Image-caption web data
========================================
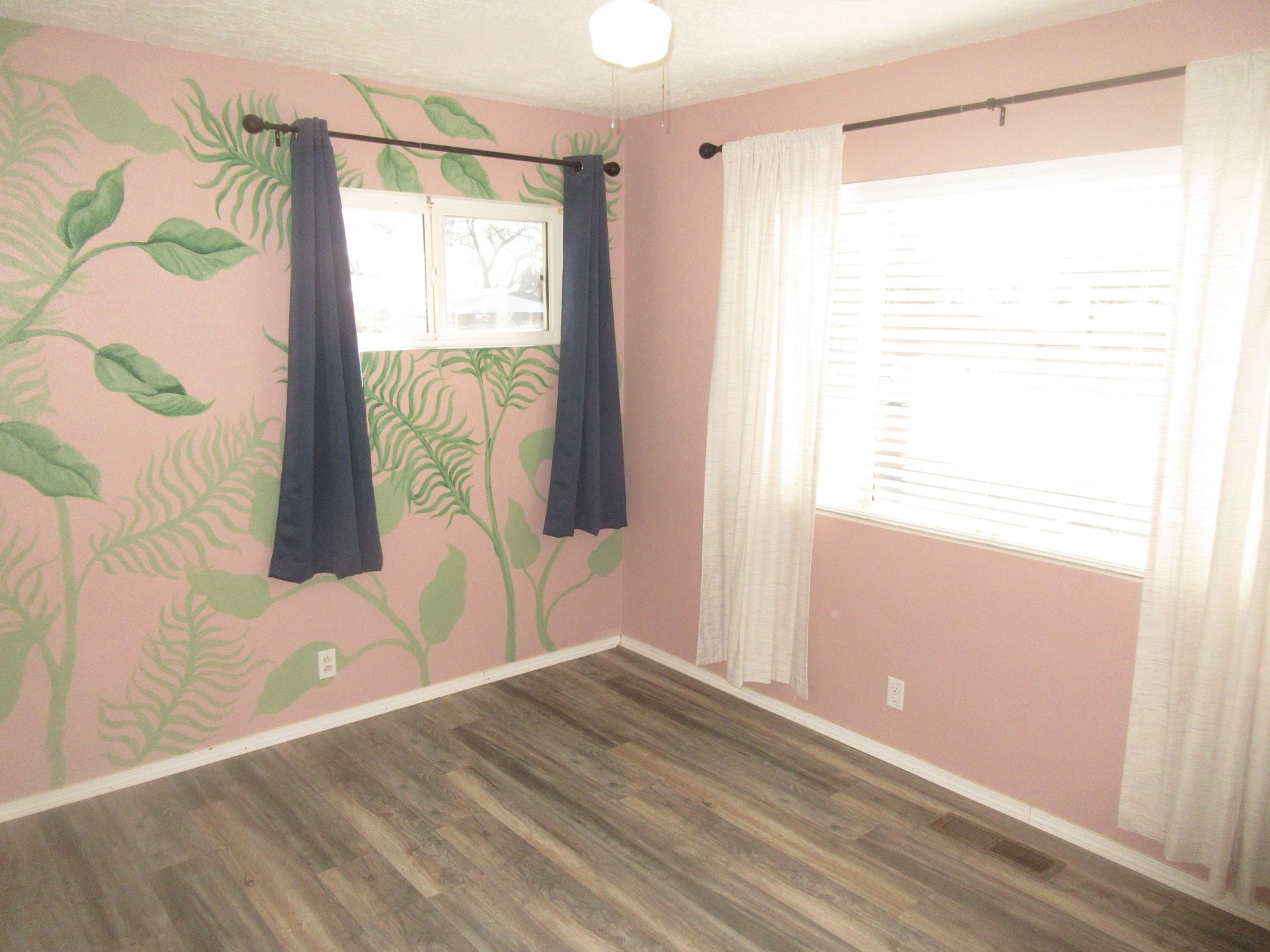 A room with a painting on the wall and a window.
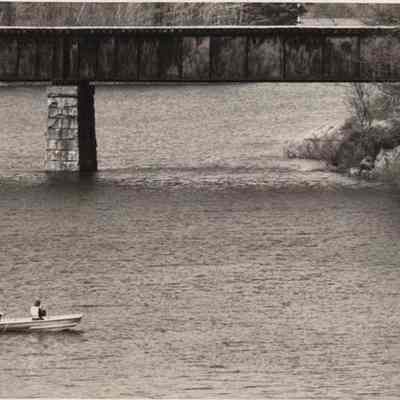 A photo view of 2 people fishing on the Androscoggin River. 4/24/1992.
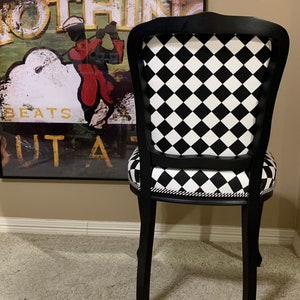 May include: Black and white checkered dining chair with a black wooden frame. The chair has a curved back and a padded seat.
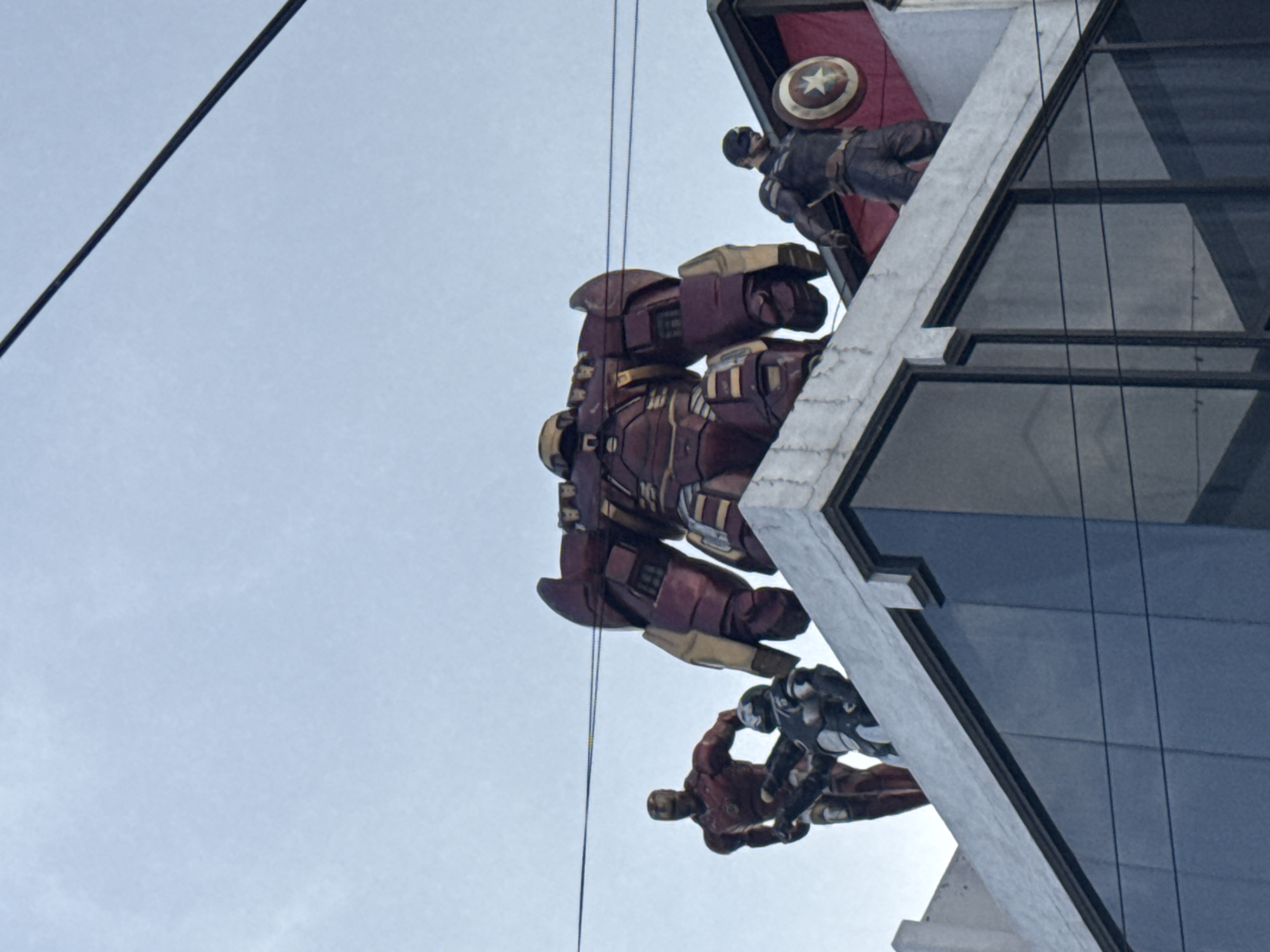 The image, taken from a low angle, features a building in Mexico City, Mexico, adorned with large-scale figures of Marvel superheroes. At the top of the building, a statue of Captain America holding his shield is visible, set against a red and dark-red backdrop. Below, a substantial Hulkbuster figure is mounted. Near the base of the visible section of the building, there are figures of Iron Man and War Machine. The building itself appears to be of modern design, featuring glass windows and light gray concrete architectural elements. Electrical wires cross the view, cutting across the sky. The sky is a pale blue.
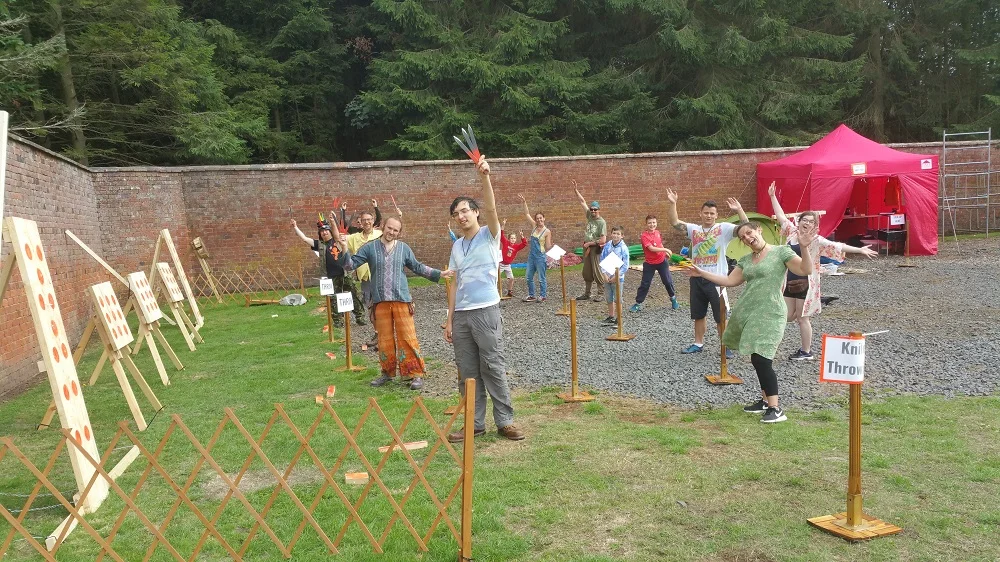 Knife throwing punters.jpg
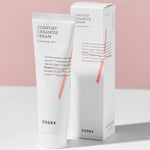 A tube and box of Cosrx Comfort Ceramide Cream against a soft pink background, highlighting minimalist packaging and ingredients list.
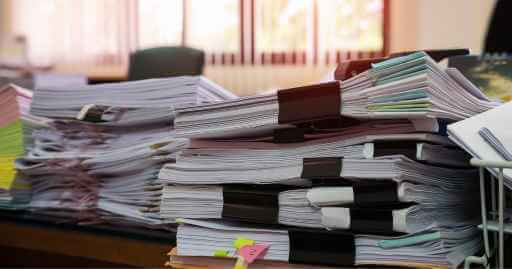 a giant stack of papers neatly organized depicting someone getting all of their proofs and requirements ready to visit a buy pay here dealer.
========================================
Task instructions – Print, without pictures, exactly the lines from the one containing "Knife throwing punters.jpg" through the final line of the records above.

Written answer –
 Knife throwing punters.jpg
 A tube and box of Cosrx Comfort Ceramide Cream against a soft pink background, highlighting minimalist packaging and ingredients list.
 a giant stack of papers neatly organized depicting someone getting all of their proofs and requirements ready to visit a buy pay here dealer.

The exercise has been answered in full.